-- Activity --
Entries below include pictures. Output exactly the lines from the one with "VW Polo 6n 1,4 16v billede 10" down to the one with "Orvieto Templari Suite Εξωτερικό φωτογραφία", both ends included, and leave the pictures out.
[[ Source information open ]]
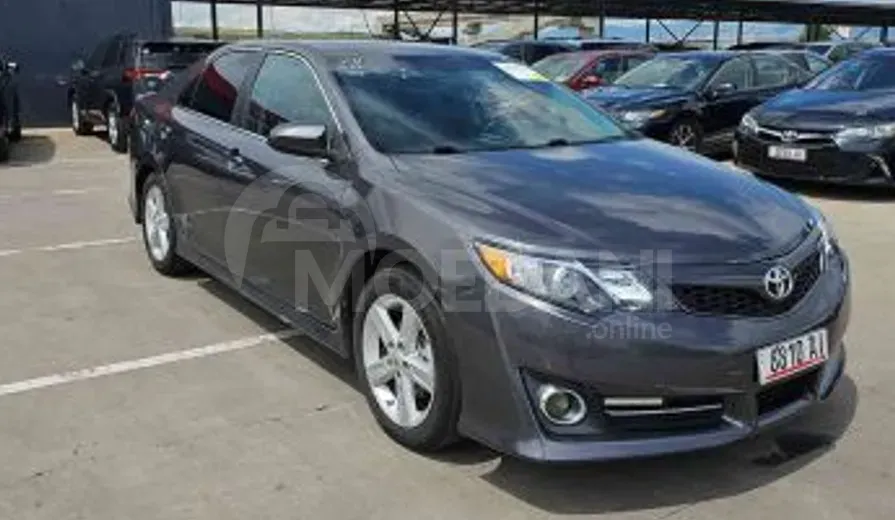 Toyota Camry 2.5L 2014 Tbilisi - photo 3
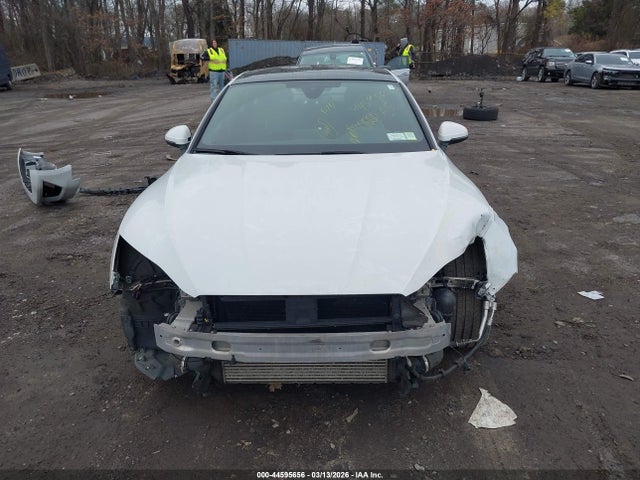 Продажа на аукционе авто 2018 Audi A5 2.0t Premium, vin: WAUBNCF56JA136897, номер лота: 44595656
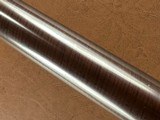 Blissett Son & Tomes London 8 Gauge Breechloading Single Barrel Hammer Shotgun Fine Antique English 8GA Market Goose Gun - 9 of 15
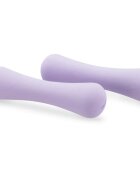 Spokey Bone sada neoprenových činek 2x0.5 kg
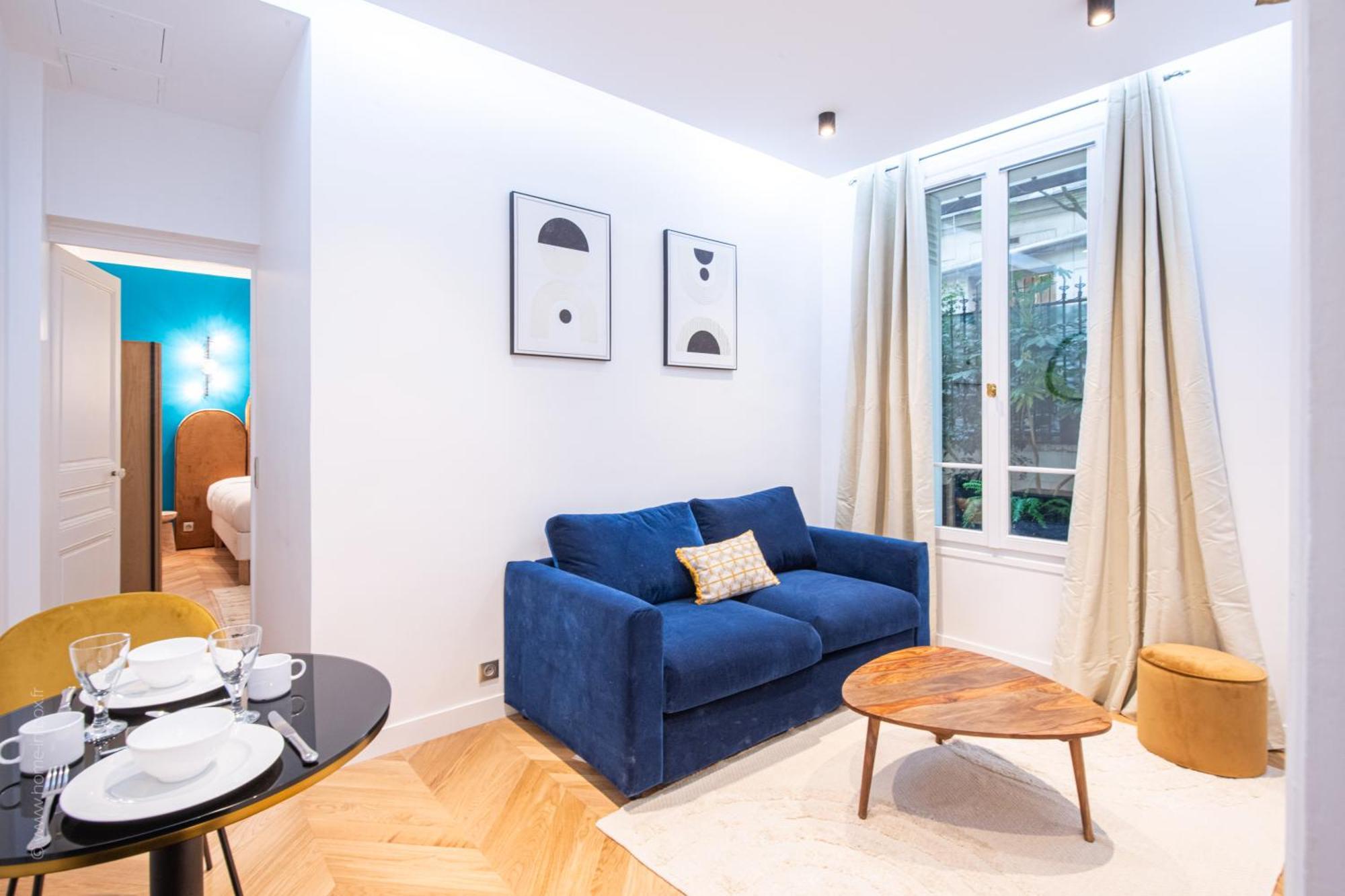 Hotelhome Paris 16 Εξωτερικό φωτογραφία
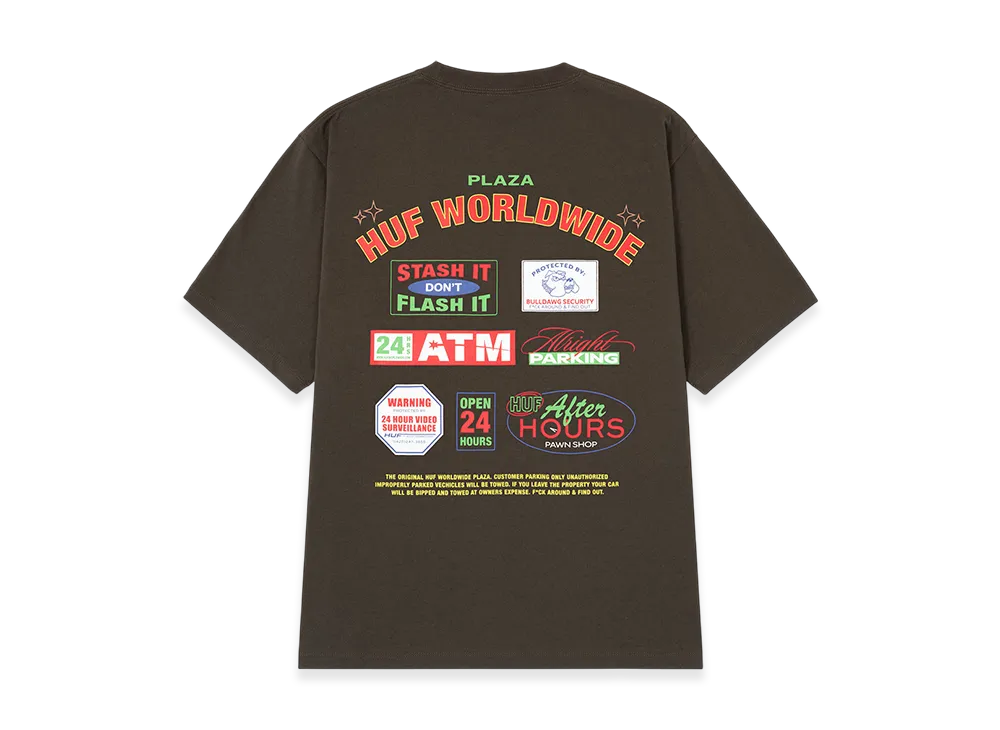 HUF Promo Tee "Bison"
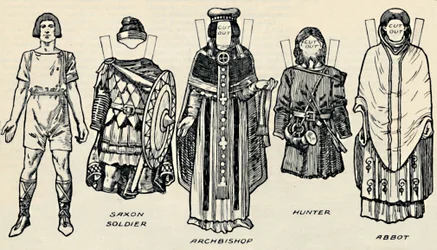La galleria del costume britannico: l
[[ Source information closed ]]
[[ Source information open ]]
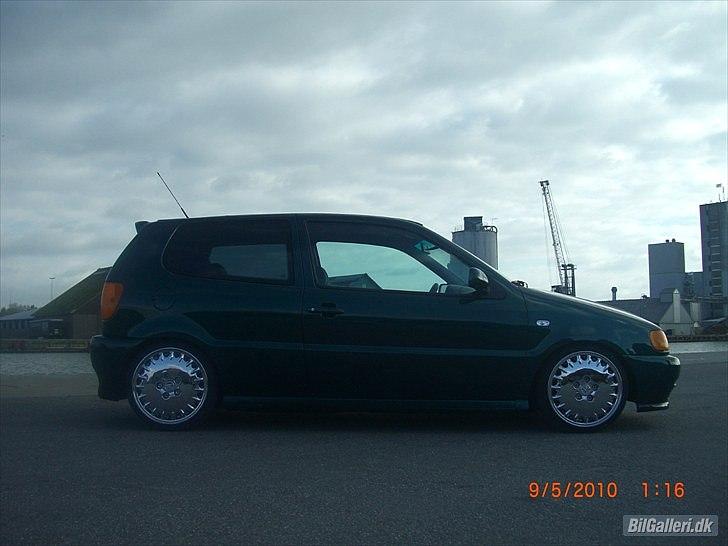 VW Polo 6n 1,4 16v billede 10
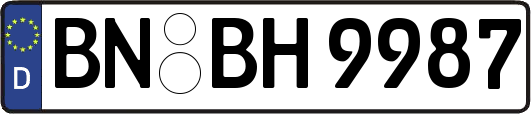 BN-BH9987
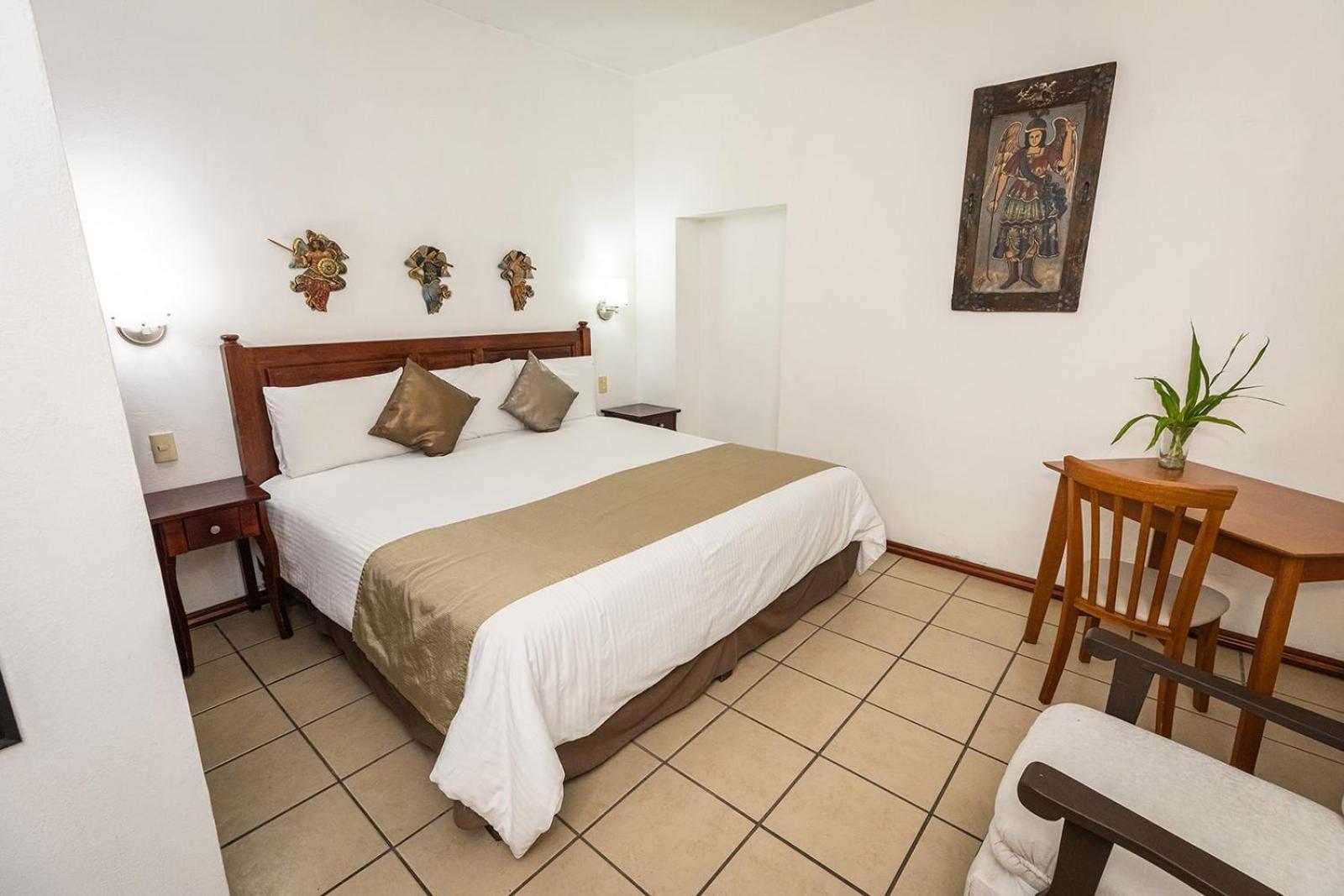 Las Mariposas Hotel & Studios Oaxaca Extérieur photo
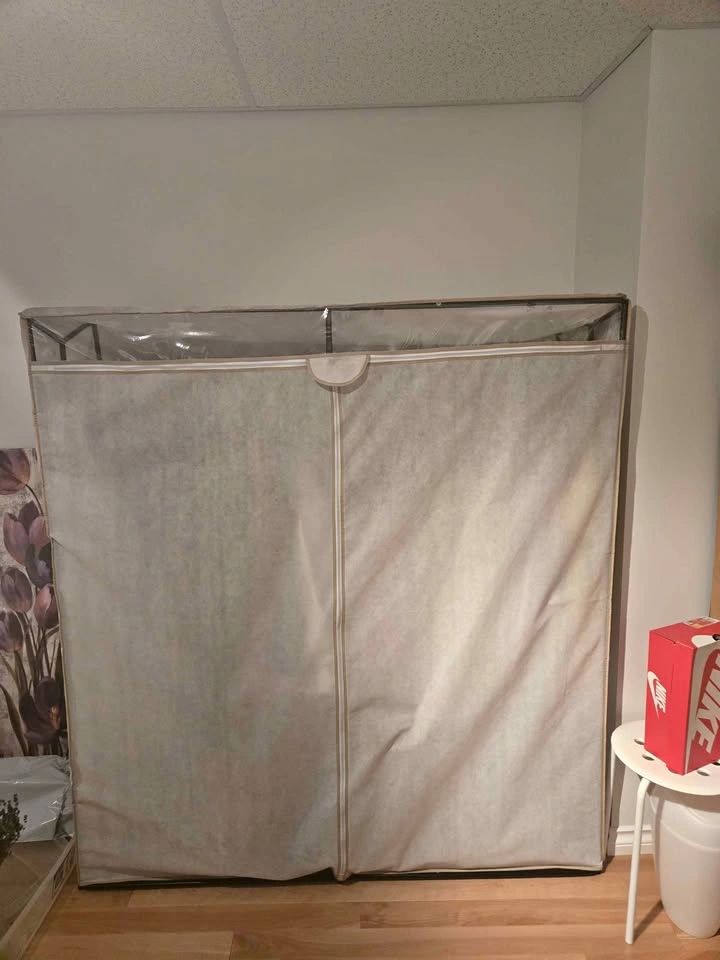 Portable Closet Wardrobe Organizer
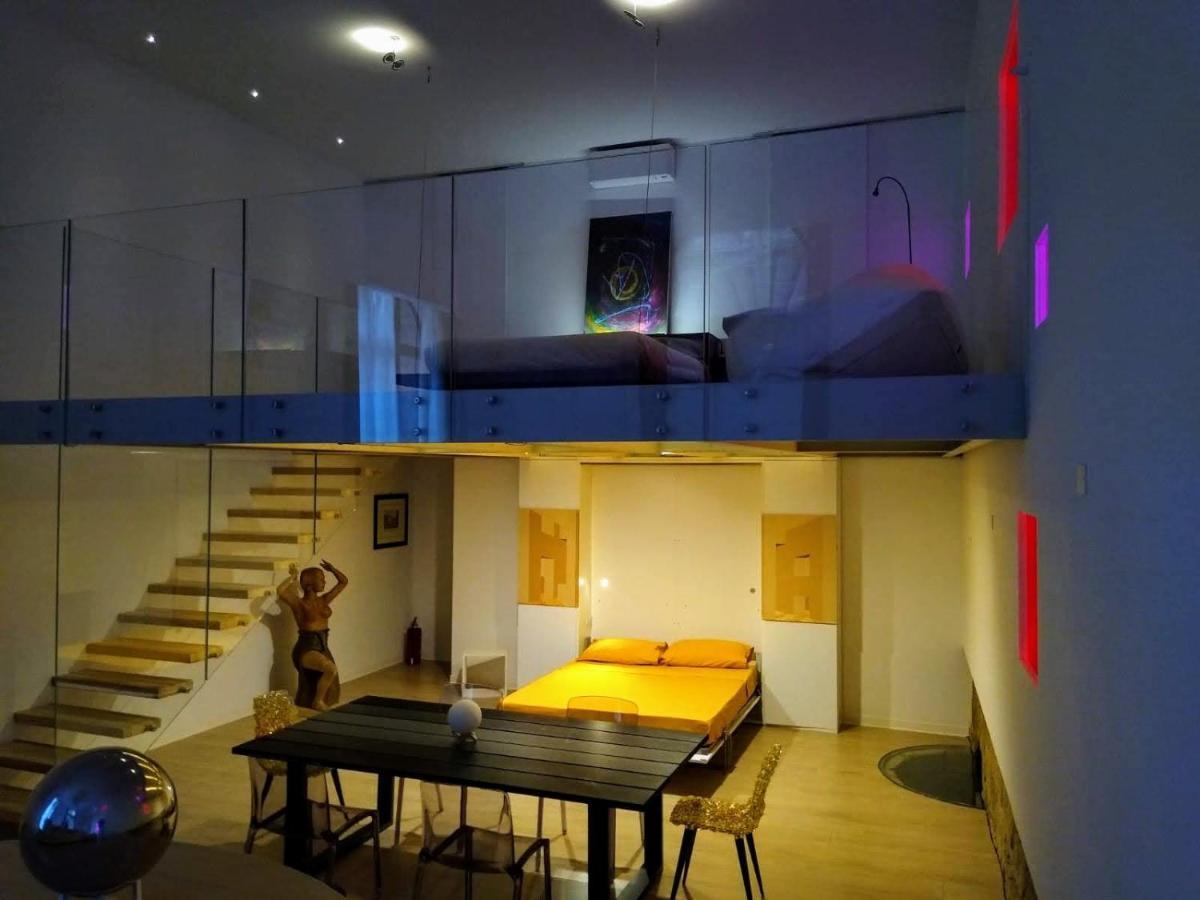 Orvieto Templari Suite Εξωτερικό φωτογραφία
[[ Source information closed ]]
[[ Source information open ]]
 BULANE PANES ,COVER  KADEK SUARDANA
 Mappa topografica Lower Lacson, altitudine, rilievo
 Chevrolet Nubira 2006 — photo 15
[[ Source information closed ]]
-- Solved exercise --
 VW Polo 6n 1,4 16v billede 10
 BN-BH9987
 Las Mariposas Hotel & Studios Oaxaca Extérieur photo
 Portable Closet Wardrobe Organizer
 Orvieto Templari Suite Εξωτερικό φωτογραφία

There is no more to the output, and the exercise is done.